- [Work instruction]
Within the data that follows, set down exactly the lines from the one containing "BiBi French Terry" through the one containing "Picture 04 - Псалми", both ends included.

- [Data shown]
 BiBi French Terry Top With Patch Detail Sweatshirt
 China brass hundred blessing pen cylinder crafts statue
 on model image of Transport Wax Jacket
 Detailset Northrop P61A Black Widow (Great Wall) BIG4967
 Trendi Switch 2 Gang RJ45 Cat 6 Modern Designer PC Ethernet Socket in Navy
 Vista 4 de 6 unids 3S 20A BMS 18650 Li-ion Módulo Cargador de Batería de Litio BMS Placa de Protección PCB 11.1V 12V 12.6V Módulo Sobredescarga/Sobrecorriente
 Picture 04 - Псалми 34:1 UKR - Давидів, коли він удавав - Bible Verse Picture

...

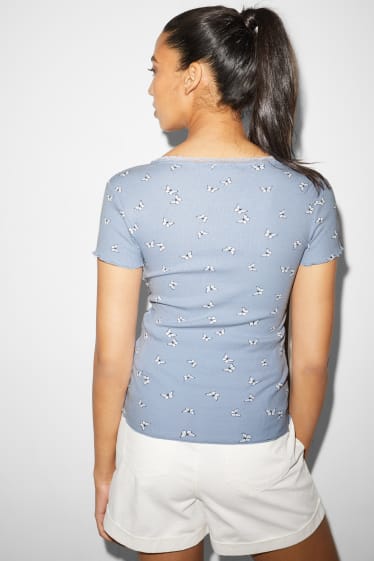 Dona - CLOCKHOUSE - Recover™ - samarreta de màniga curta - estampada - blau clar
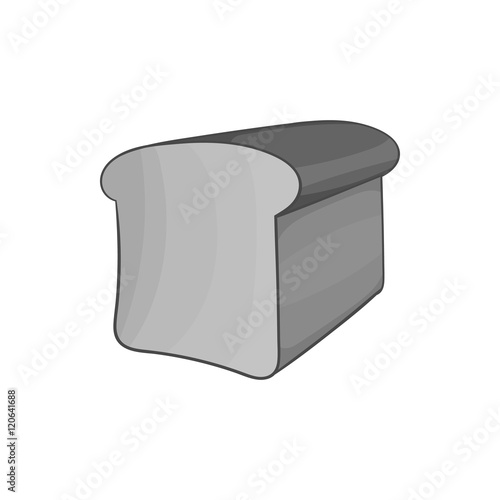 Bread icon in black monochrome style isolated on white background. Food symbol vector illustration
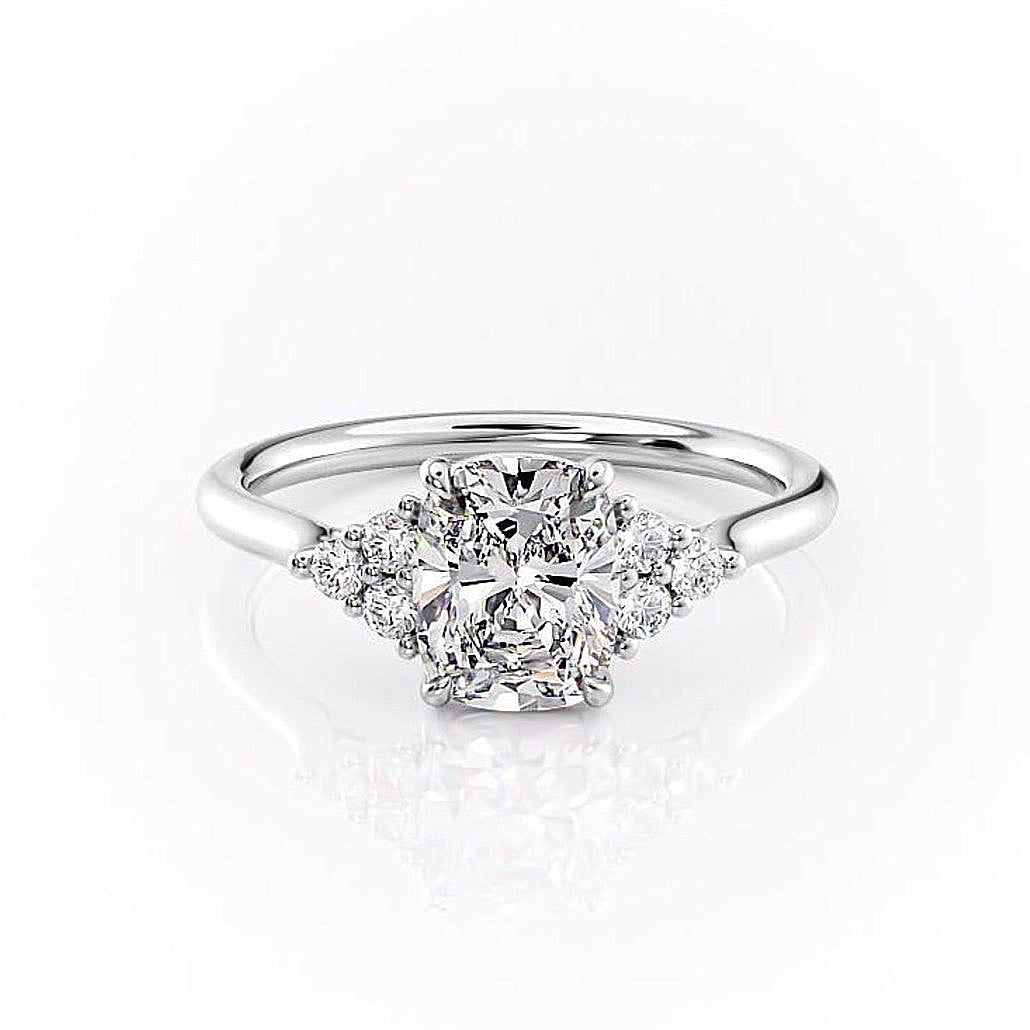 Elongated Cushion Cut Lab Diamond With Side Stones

- [Answer space]
 BiBi French Terry Top With Patch Detail Sweatshirt
 China brass hundred blessing pen cylinder crafts statue
 on model image of Transport Wax Jacket
 Detailset Northrop P61A Black Widow (Great Wall) BIG4967
 Trendi Switch 2 Gang RJ45 Cat 6 Modern Designer PC Ethernet Socket in Navy
 Vista 4 de 6 unids 3S 20A BMS 18650 Li-ion Módulo Cargador de Batería de Litio BMS Placa de Protección PCB 11.1V 12V 12.6V Módulo Sobredescarga/Sobrecorriente
 Picture 04 - Псалми 34:1 UKR - Давидів, коли він удавав - Bible Verse Picture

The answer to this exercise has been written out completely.